784.Paragraph 14(3) broadens the range of activities the Information Commissioner can engage in when executing a warrant granted under Schedule 9. In particular, it gives the Information Commissioner the power to require any person on the premises to provide an explanation of any document or other material found on the premises (new paragraph 1(3)(e)) and to require such a person to provide information that is reasonably required to determine whether there has been any contravention of the data protection principles (new paragraph 1(3)(f)).

785.Paragraph 14(4) and 14(5) provide for amendments to Schedule 9 to the 1998 Act that are consequential on the introduction of warrants for failure to comply with an assessment notice. Under the amendments in paragraph 14(4) the requirement in paragraph 2(1)(a) of Schedule 9 to the Data Protection Act 1998, that before a warrant can be issued the Information Commissioner must give seven days’ notice in writing to the data controller demanding access to the premises, cannot be satisfied by serving a data controller with an assessment notice. The amendment in paragraph 14(5) reflects the fact that the new test for granting a warrant would not be dependent on the Information Commissioner finding evidence on the premises to be searched.

786.Paragraph 14(6) makes amendments to paragraph 12 of Schedule 9 to the 1998 Act, which provides a criminal offence for the obstruction of, or failure to assist, a person executing a warrant under that Schedule. The additional text extends the offence to cover deliberately or recklessly making false statements in response to the new powers to require information created in paragraph 14(3) detailed above.
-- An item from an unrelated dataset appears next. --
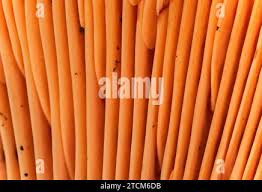 Attēlu rezultāti vaicājumam “Lepista sp.”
787.Paragraph 14(7) provides protection against self-incrimination for any person required to provide information under the extended powers created under paragraph 14(3) above. In particular, any information provided by that person in response to these new powers under a warrant cannot be used as evidence in criminal proceedings against that person. However, this protection is not absolute, and the response given can be used in evidence if the offence concerned is either the offence of obstructing or failing to assist a person executing a Schedule 9 warrant or is one of a specific group of perjury offences. Furthermore the response can be used in evidence for the prosecution of any criminal offence if the accused acts in such a way as to forfeit this particular protection. In those circumstances evidence of the original statement becomes admissible in order to rebut the false assertions made by the accused.